Education Beyond Monetary Reward.

Money is many things, and we can't take away the fact that it's one of the things that motivates people to always give their best wherever they find themselves. My mentor once told me that when words fail to motivate people's productivity, create a healthy competition with monetary rewards, and people will push themselves just to earn more, no matter how little it might be, which would eventually boost their productivity.

I remembered the years I worked as a supervisor, when my salesmen would go the extra mile just to secure their incentive, which comes with accomplishing 30% of their monthly target in addition to their monthly targets. It's quite difficult to make that happen, but these guys always push to the very last day of the month to claim their incentive.

There was a particular day I thought about it because the incentive isn't something that lucrative, but these guys do not mind spending extra hours daily on the field because the money will surely take care of some of their responsibilities. Using money as a reward anywhere would motivate people, but it can have a positive or negative impact if introduced as a reward for academic excellence.

While money has the power to motivate, let's not forget that it can also make people do terrible things, and the negative effects of introducing money completely as rewards in school might outweigh the positive impact in the long run.

I feel like a lot of things are at stake because students might deviate from learning to understand to learning just to get the monetary reward at the end of the session. While it would inspire some students to relieve their parents of some financial challenges, therefore helping them to improve academically, it may as well lead to an overemphasis on grades, which would eventually crash the already weakened education structure in my part of the world because students will only be focused on grades instead of truly acquiring knowledge, and there is no way we can prevent this from undermining the intrinsic value of learning and personal growth.

As a student and teacher, I have seen what students are capable of doing, and with a cash reward attached, the goal at the end of every school session might end up being just to secure the bag. I wouldn't even be surprised to see students working with teachers just to get the money, and they will end up sharing the reward, meaning an undeserving person will eventually go home with the reward.

At my former place of work, I discovered that people engage in different messy acts just to secure their incentives. Imagine a salesman crashing the price of a product with the intention of using some of the incentive to balance the difference. It might look smart, but that isn't the case, and that's against sales etiquette.
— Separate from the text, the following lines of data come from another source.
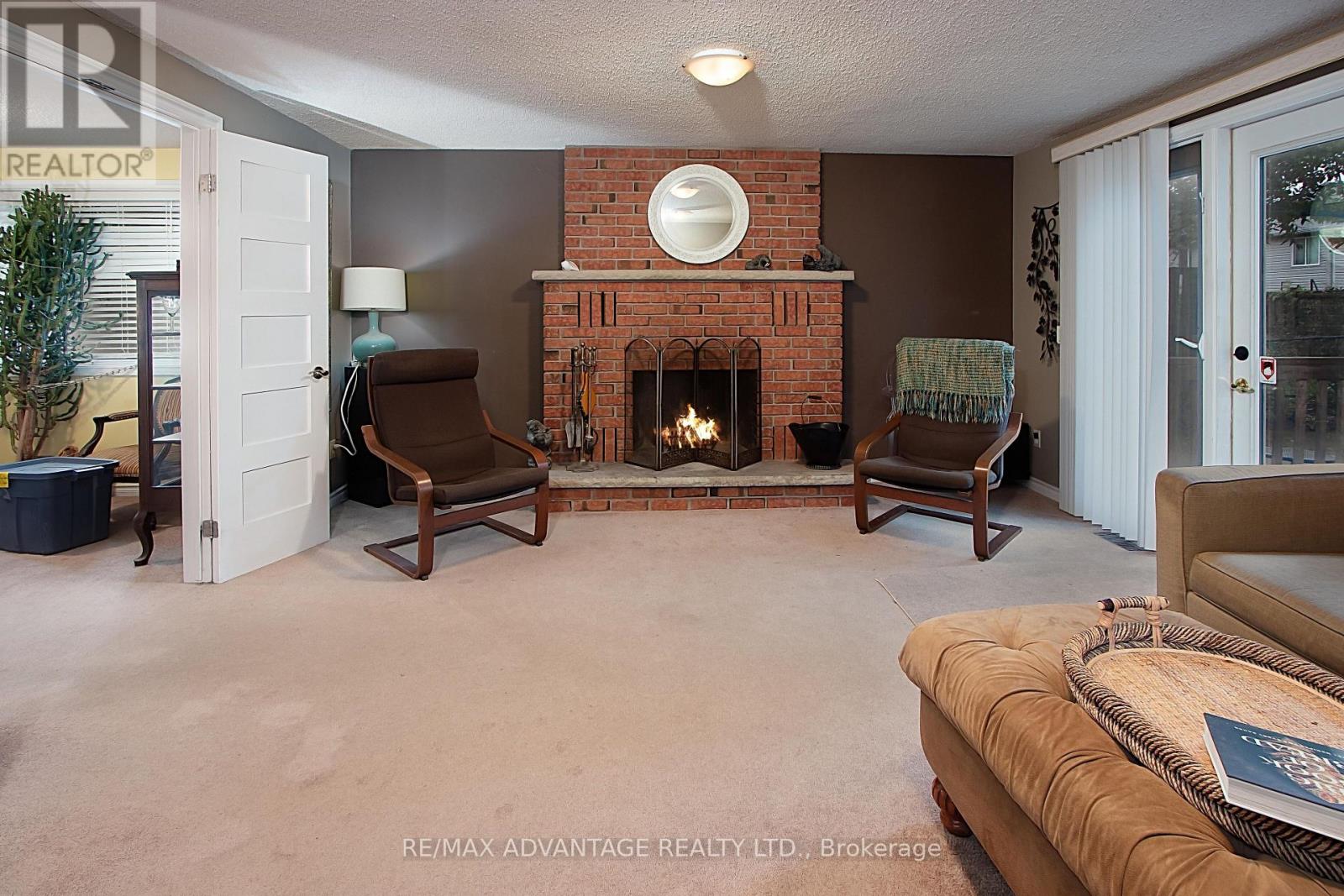 126 Olympic Crescent, London North, Ontario  N6G 3P7 - Photo 14 - X12522284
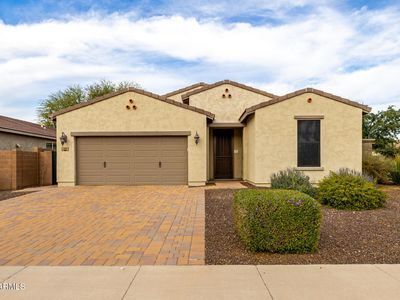 274 E VICENZA Drive, San Tan Valley, AZ, 85140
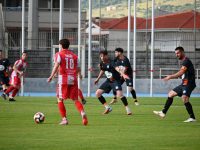 Φωτορεπορτάζ από τον τελικό του Κυπέλλου ΕΠΣΗΠ (Μέρος Β')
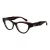 Ana Hickmann AH 6542 G21 50 Women glasses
What I am trying to say is that people will always abuse the system, and that wouldn't make any sense.

I am not saying money can't still be used as rewards in schools, but instead of handing cash out as rewards for academy excellence, it can be converted into scholarships, which would create even healthier competition.

In my few years of working as a teacher, I met lots of kids whose parents couldn't afford their tuition fee, and despite the challenges these kids faced, many of them were toppers in their classes, which means rewarding them with scholarships if they top their classes will help them secure uninterrupted study time in school.

Schools can give out study materials as rewards, and this is a way of reinvesting in students who have the potential to use their knowledge to make a great impact on society someday.


As much as money would be inspiring and appreciated as a reward, I do not support giving it out to students to prevent the degradation of education in the long run because sooner or later acquiring knowledge wouldn't be as important as going home with some money at the end of every school session.